**Assignment**
Would you give the listing again exactly, without its images?

**Source material**
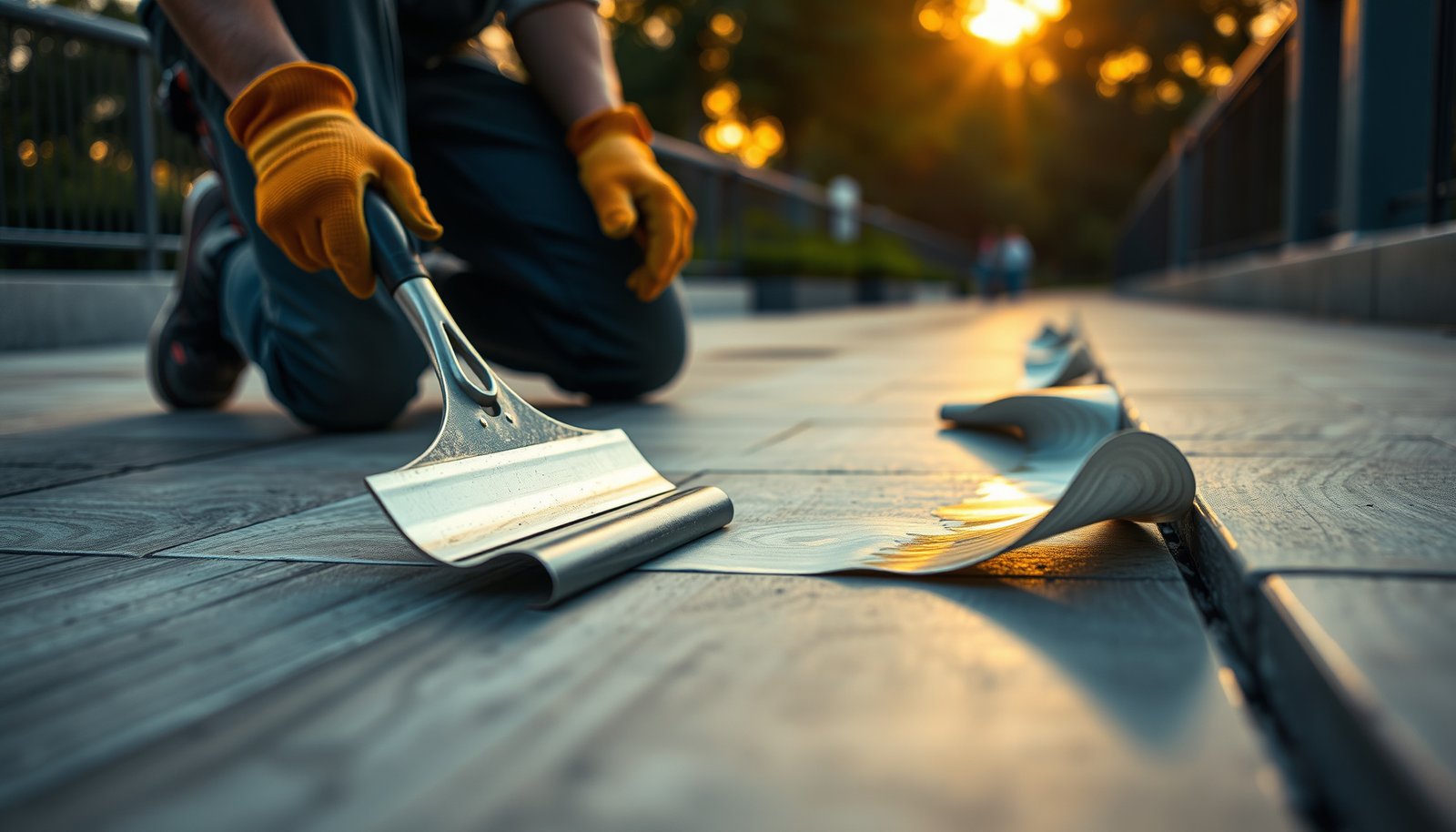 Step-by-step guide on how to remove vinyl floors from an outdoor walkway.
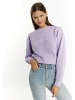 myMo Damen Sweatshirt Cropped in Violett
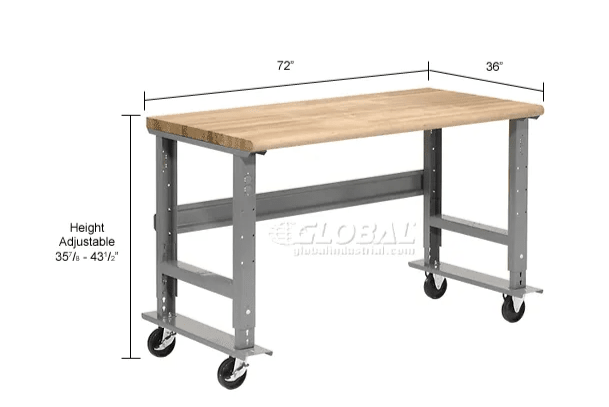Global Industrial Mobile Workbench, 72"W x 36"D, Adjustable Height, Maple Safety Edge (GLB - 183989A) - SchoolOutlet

**Written answer**
 Step-by-step guide on how to remove vinyl floors from an outdoor walkway.
 myMo Damen Sweatshirt Cropped in Violett
Global Industrial Mobile Workbench, 72"W x 36"D, Adjustable Height, Maple Safety Edge (GLB - 183989A) - SchoolOutlet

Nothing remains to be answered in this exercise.